Everything from the line containing "Le Grand Gite" through the final line below must be output exactly, both ends included, with nothing else and no pictures.

* DATA FOR ANALYSIS *
* * * *

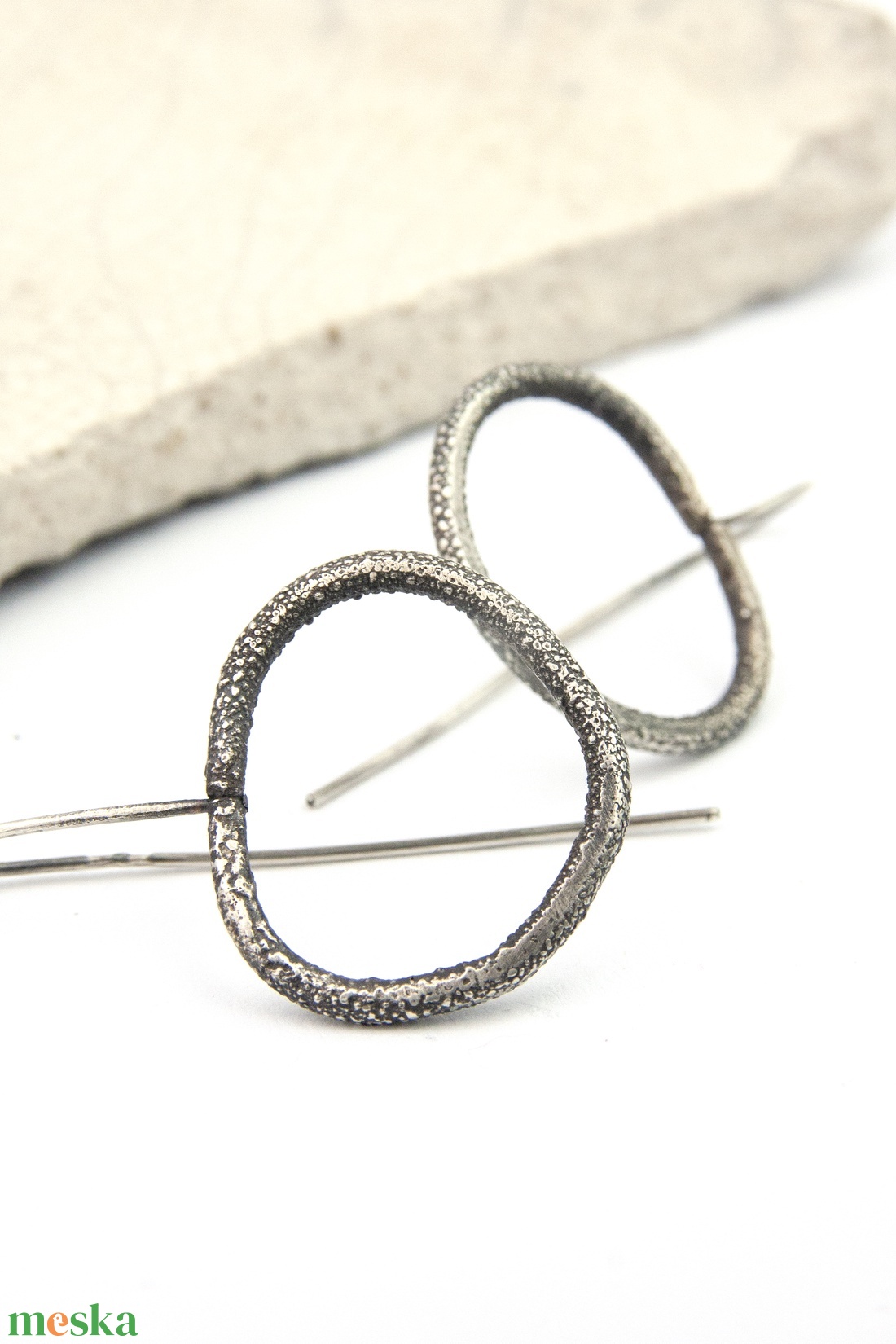 Fekete hattyú - ezüst fülbevaló - ékszer - fülbevaló - karika fülbevaló - Meska.hu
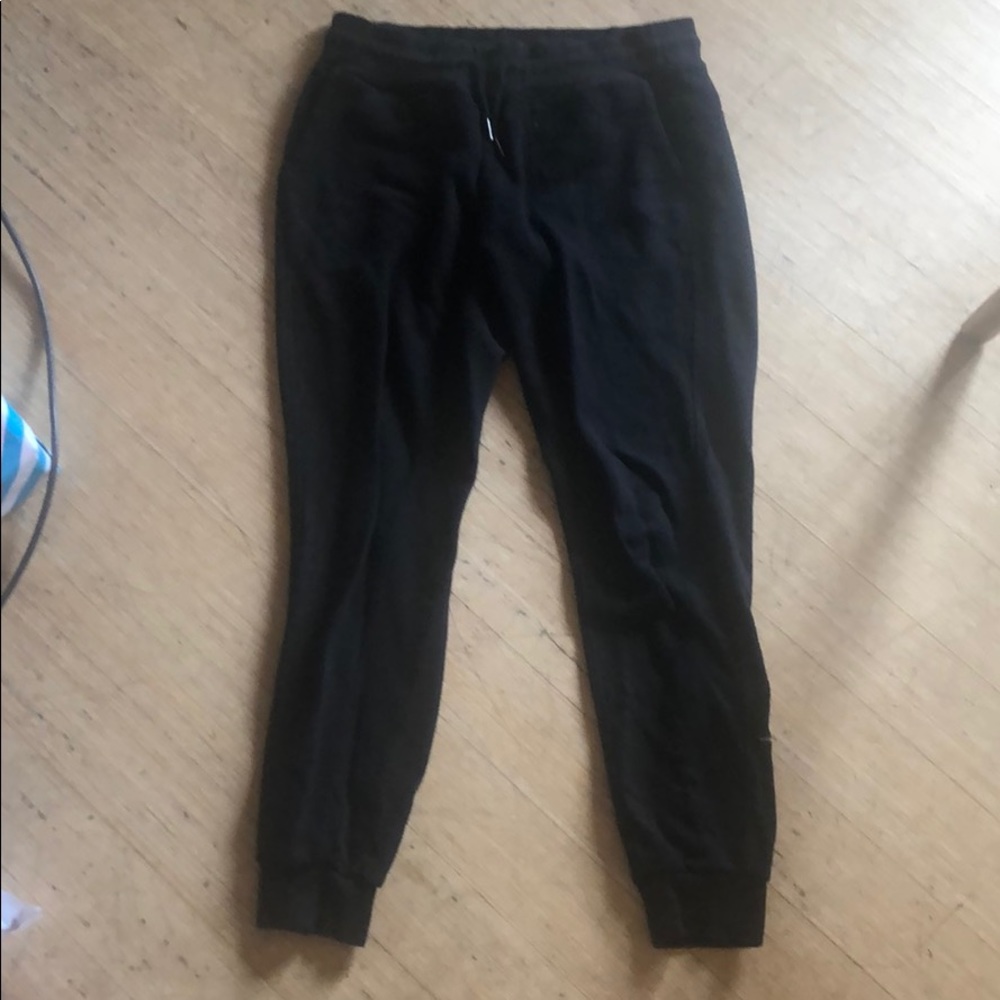 black sweatpants w flower detail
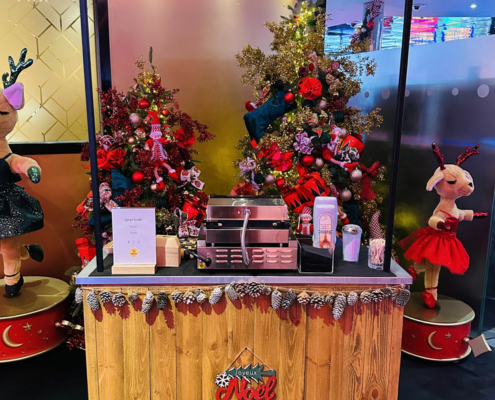 Stand Poffies personnalisé et décoré aux couleurs de Noël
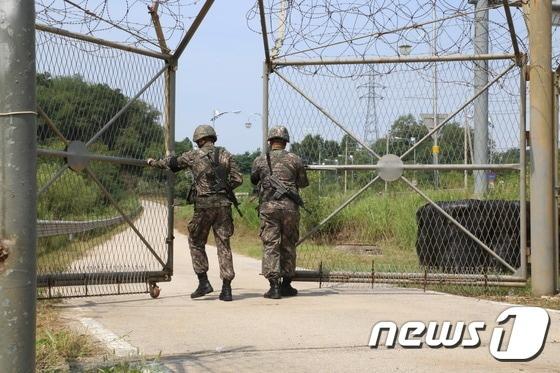 파주 DMZ 평화의길이 처음 개방된 지난 2019년 군 장병들이 철거 GP로 향하는 통문을 개방하고 있다. ⓒ 뉴스1 박대준 기자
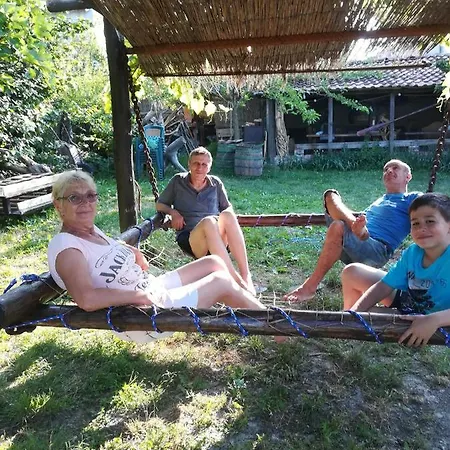 Art Capitain 3* Sinemoretz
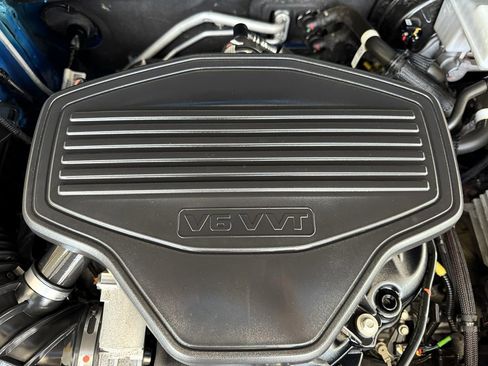 Used 2020 Chevrolet Blazer RS w/ LPO, Floor Liner Package image 67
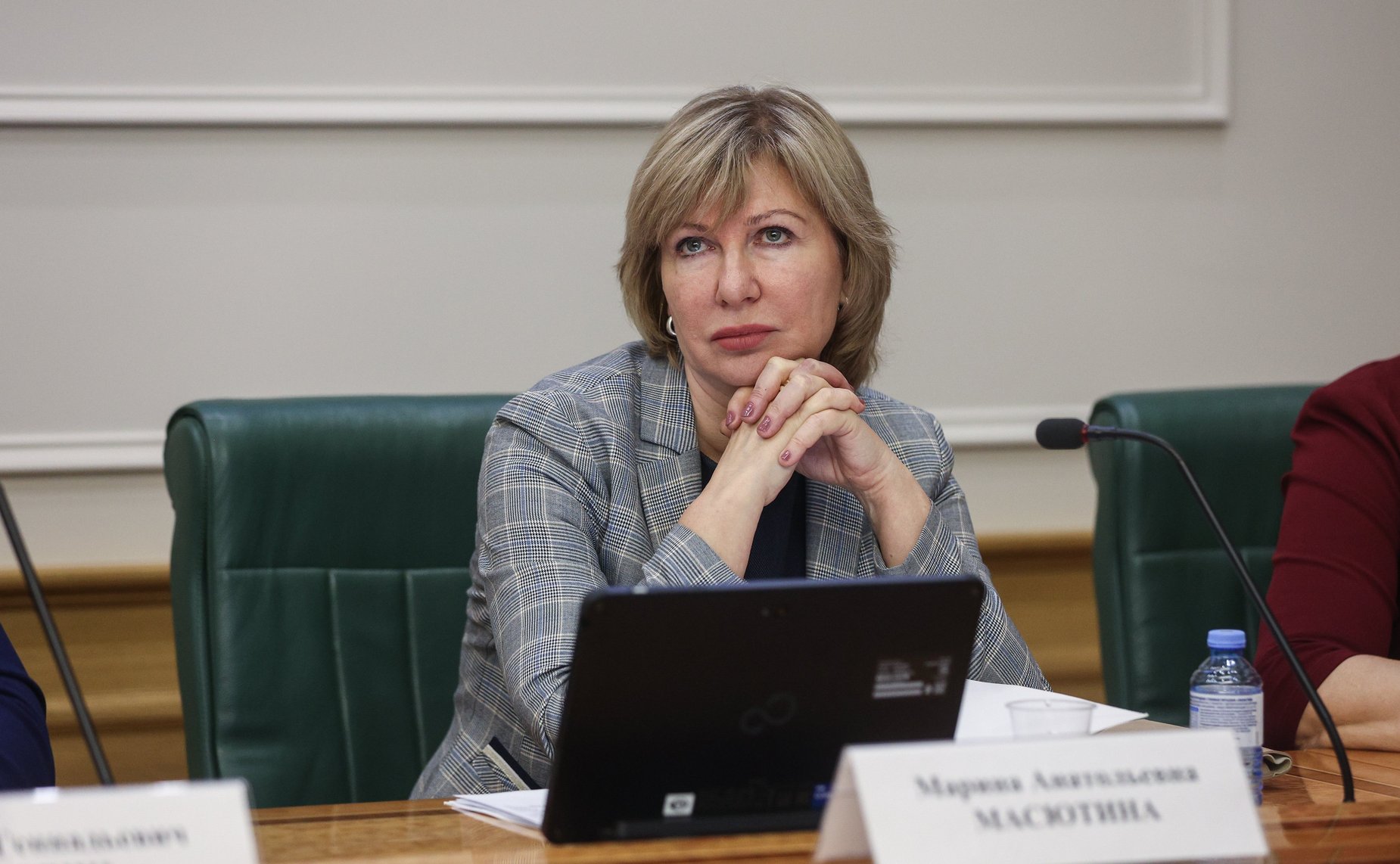 Семинар для помощников сенаторов РФ по работе в СФ, работающих по срочному служебному контракту или по срочному трудовому договорю, по вопросам обеспечения деятельности сенаторов РФ совместно с Управлением государственной службы и кадров Аппарата СФ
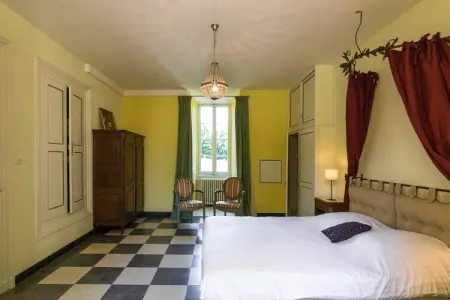 Le Grand Gite du Chateau, Gîte à Chaleix près forêt et lac - Photo 20
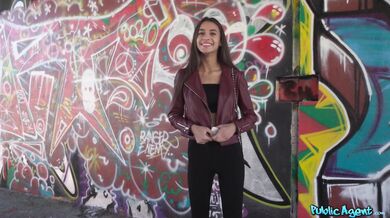 Public Agent – Vanessa Alessia – Hot Brunette Bounces on Big Cock
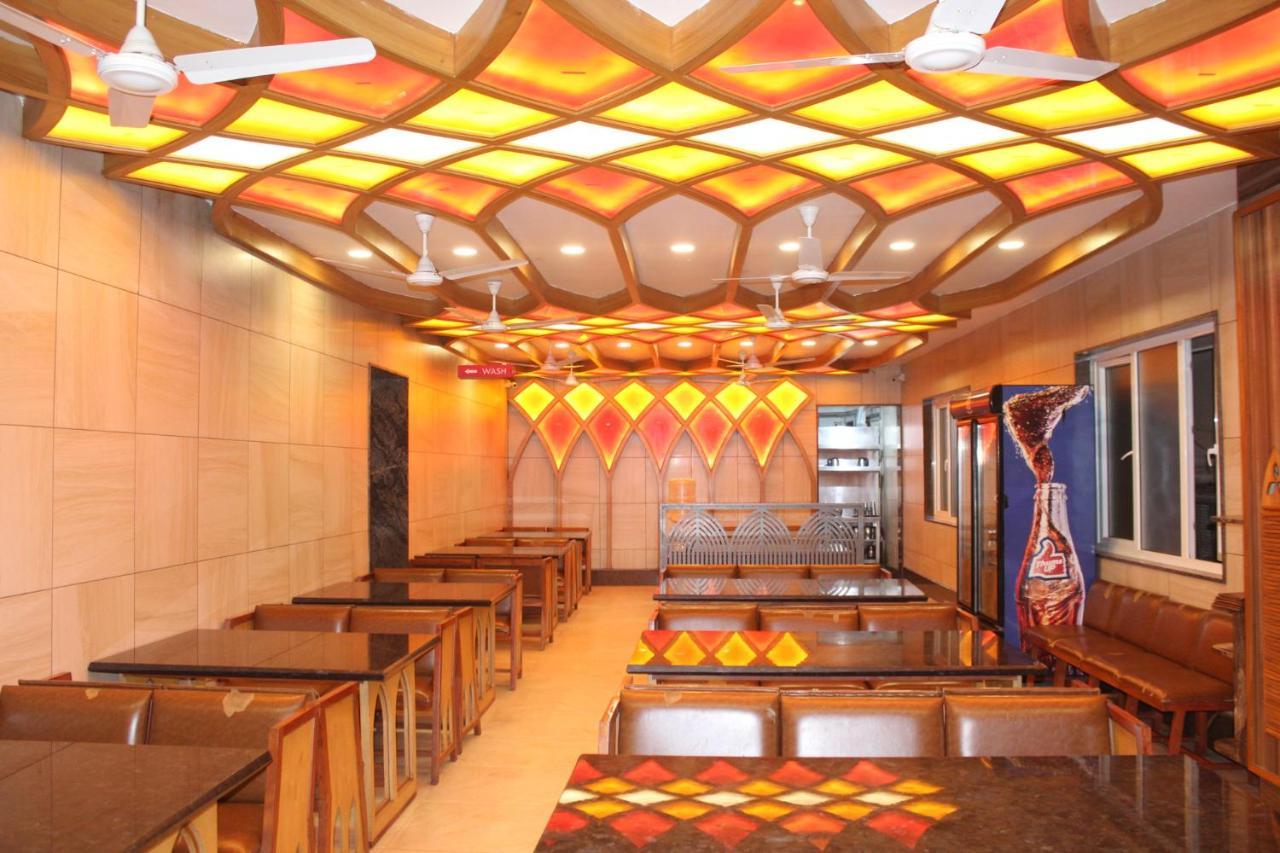 Annai In Saravana Bhavan Fine Stay And Restaurant Velanganni Bagian luar foto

* * * *

* RESPONSE *
 Le Grand Gite du Chateau, Gîte à Chaleix près forêt et lac - Photo 20
 Public Agent – Vanessa Alessia – Hot Brunette Bounces on Big Cock
 Annai In Saravana Bhavan Fine Stay And Restaurant Velanganni Bagian luar foto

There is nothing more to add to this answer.